The National Art Gallery houses over 50,000 pieces of Bulgarian art. It is located on Battenberg Square in the capital city of Sofia, occupying most of the historic and imposing edifice of the former royal palace of Bulgaria.
The gallery has been established in 1934 and moved to the palace in 1946, after the abolition of the monarchy.
The royal palace is a typical example of Second Empire architecture with chateauesque connotations, was constructed in two stages, the first lasting between 1880 and 1882 during the rule of Knyaz Alexander Battenberg and the second stage, during Knyaz (later Tsar) Ferdinand.

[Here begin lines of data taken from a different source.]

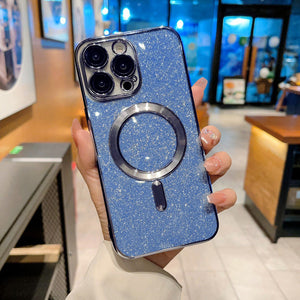 Husa de Protectie 2 in 1, Flippy, pentru iPhone 14 Plus, Glitter Chrome Magsafe, din TPU, Magnetica, cu Protectie Lentila, Albastru Marin-0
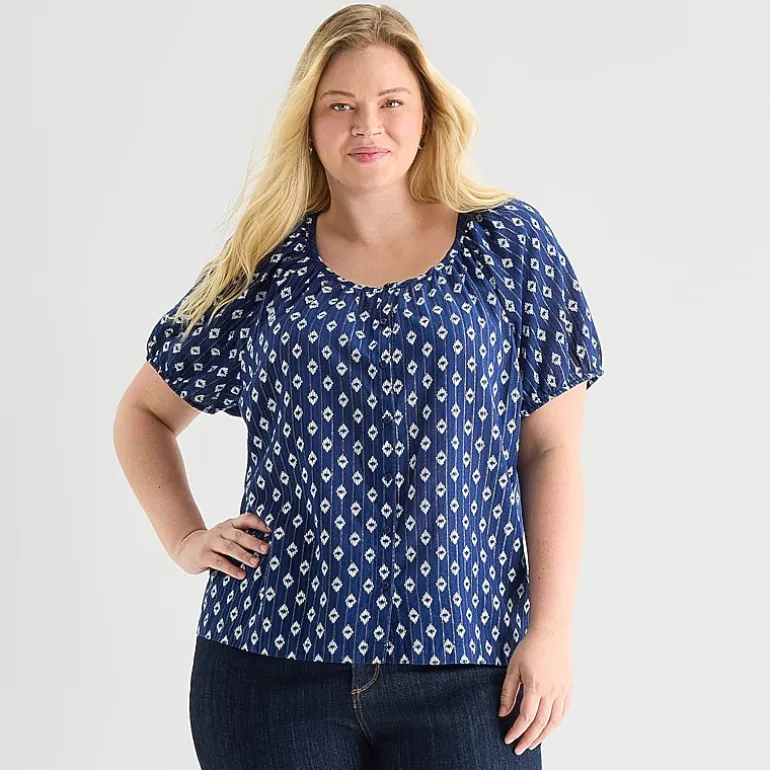 St. John's Bay Womens Plus Round Neck Short Sleeve Regular Fit Button-Down Shirt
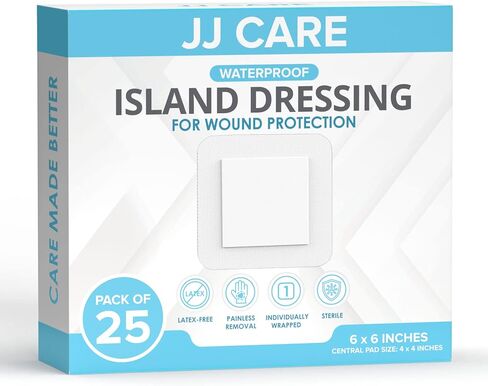 JJ CARE Waterproof Adhesive Island Dressing [Pack of 25], 6" x 6" Sterile Island Wound Dressing, Breathable Bordered Gauze Dressing, Individually Wrapped Latex Free Bandages with Non-Stick Central Pad in Saudi Arabia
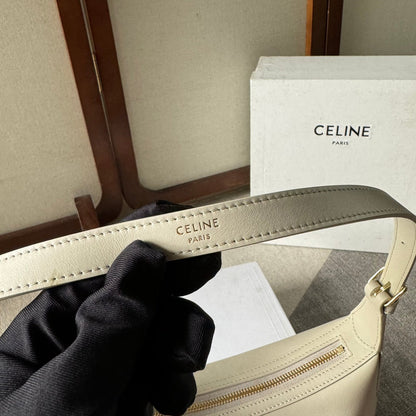 SMALL HELOÏSE BAG CUIR 22 IN WHITE CALFSKIN EMBOSSED LOGO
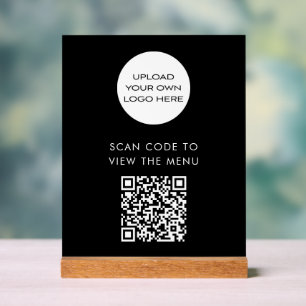 Custom QR Code Menu Scan Logo Black Acrylic Sign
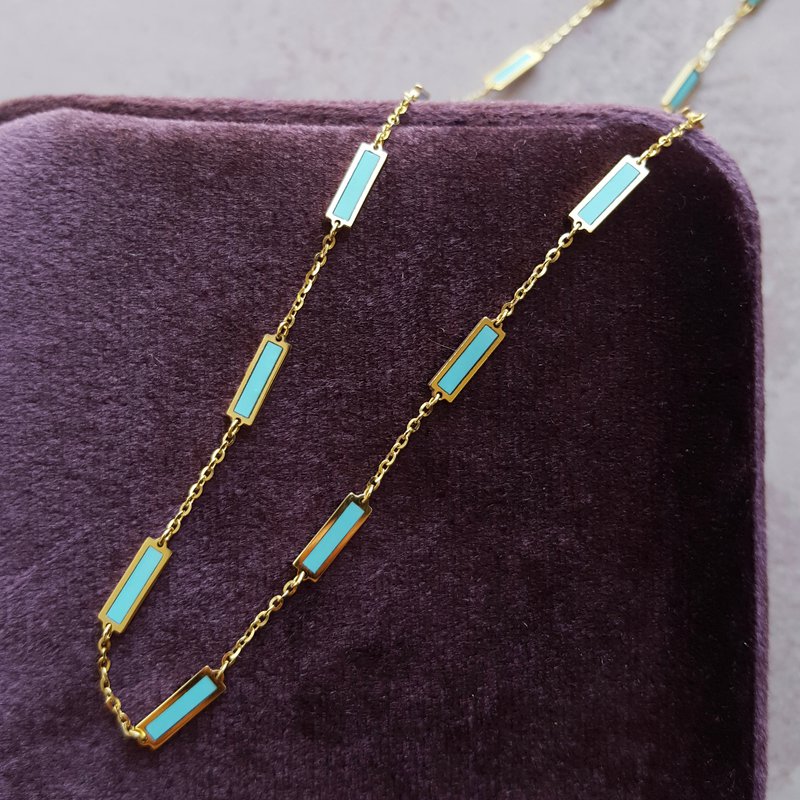 Turquoise and Inlaid Jewelry 17-Stone Turquoise Station Necklace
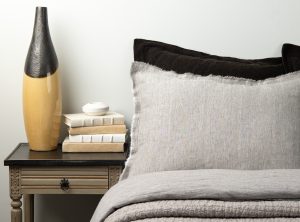 Amity home brisbane linen duvet cover in grey chambray   raw edge detail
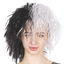 EVIL LADY WIG Messy Curly Hair Costume Dalmatian Villain Fancy Dress Accessory - Black/White-0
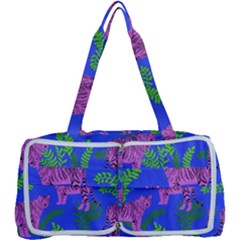 Pink Tigers On A Blue Background Multi Function Bag by SychEva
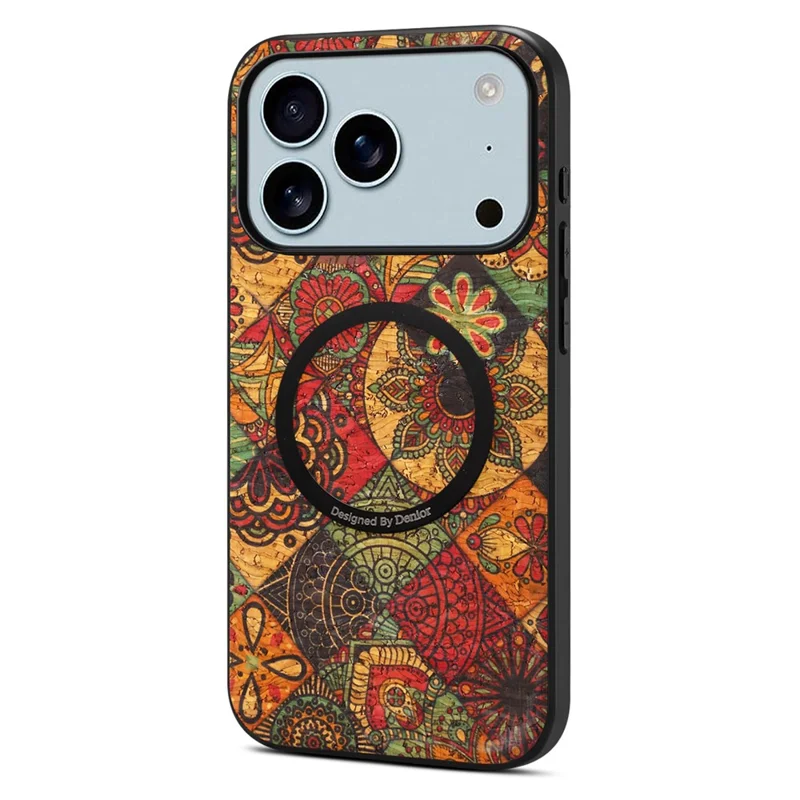 For iPhone 17 Pro Magnetic Phone Case Floral Pattern PU Leather TPU Protective Cover - Yellow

Meanwhile, the National Archaeological Museum was established. It was the first national institution to have an art department in the country. It collected examples of contemporary Bulgarian art. The department grew into the State Art Gallery in 1934 and was moved to a separate building. Among its exhibits were works by Bulgarian National Revival artists, foreign art and works of first-generation Bulgarian painters from after the Liberation of Bulgaria in 1878.
After the abolition of the monarchy and the establishment of a Communist government in Bulgaria following World War II, most of the palace was given to the National Art Gallery since its building was destroyed by the bombing raids in 1943 and 1944. Fortunately, all of the paintings it had housed were preserved, and together with the royal art collection already exhibited in the palace formed the stock of the National Art Gallery.
The medieval art department was formed in 1965 and occupies the crypt of the Alexander Nevsky Cathedral. In 1985 the foreign art section became independent as the National Gallery for Foreign Art and was moved to the former Royal Printing Office, an imposing Neoclassical building in Sofia.
The National Art Gallery houses not only examples of contemporary and National Revival art, but also the country’s largest collection of medieval paintings, including more than four thousand icons, a collection comparable in quality and number only to that of the Benaki Museum according to the director of the gallery, Boris Danailov.